Saturday, 29 August 2009

New Neighbours

The hourly bus pulls into Malchingui, a musical carriage complete with blue lights, red tassled curtains and a sackful of chickens in the boot. A couple of gringas clamber down at Cuatras Izquinas, and amble over to the line of locals waiting by white trucks. The drivers need not ask where they are going, as they toss bags in the back and head off across the plains. Past young boys herding cows, they are chased by stray dogs towards the distant casa in the clouds.

Isolated in an internationals' haven, days pass without word or sign of any neighbour. Until the donkey feels wanderlust in the wind, and charges off towards a braying friend. With handfuls of corn people follow; apologetic smiles greeted with good humour in the neighbours' paddock - fellow farmers forever amused by the group of gringas, trying to coax their wayward animal home.

As days become weeks, a routine of dog walking, donkey fetching and egg collecting emerges; and whilst the former strains relations with a barrage of barks, the latter brings nothing but delight.

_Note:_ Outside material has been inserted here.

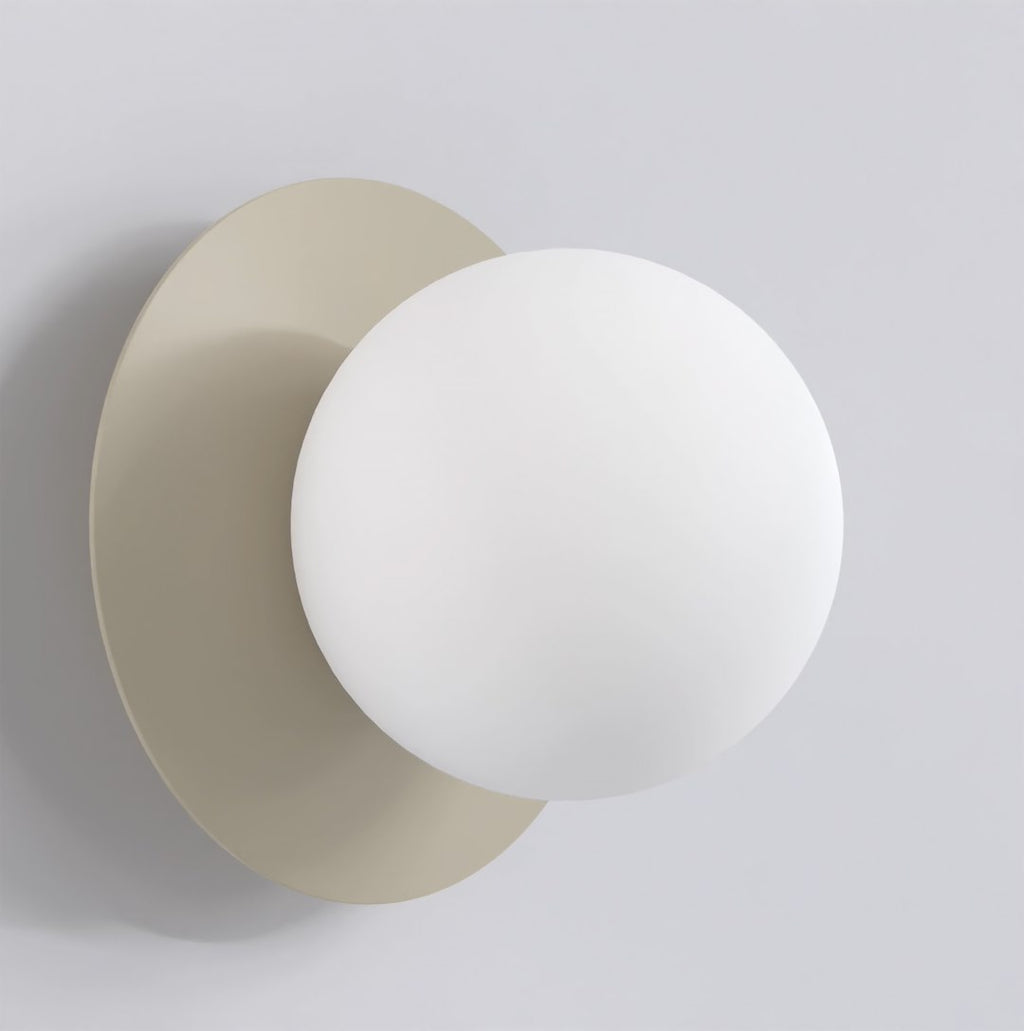 Wandlamp met witte bol voor een ronde achterplaat in mokka tegen een lichtgrijze muur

Down the dusty road they go, across a yard full of hens clucking at their feet, and tap on the open door of the little breezeblock house. The unexpected visitors are greeted more warmly than the prodigal son, insisted upon to sit while dutiful daughters run off to count eggs. Conversation flows, with gentle chatter from farm life to Ecuadorian journeys and the distant United States. The pair leave with armfuls of eggs, but will remember so much more the old man's crinkled face, smiling in the doorway. They walk home across the barren landscape, but surrounded now by familiar faces, far from the anonymous path of the tourist map.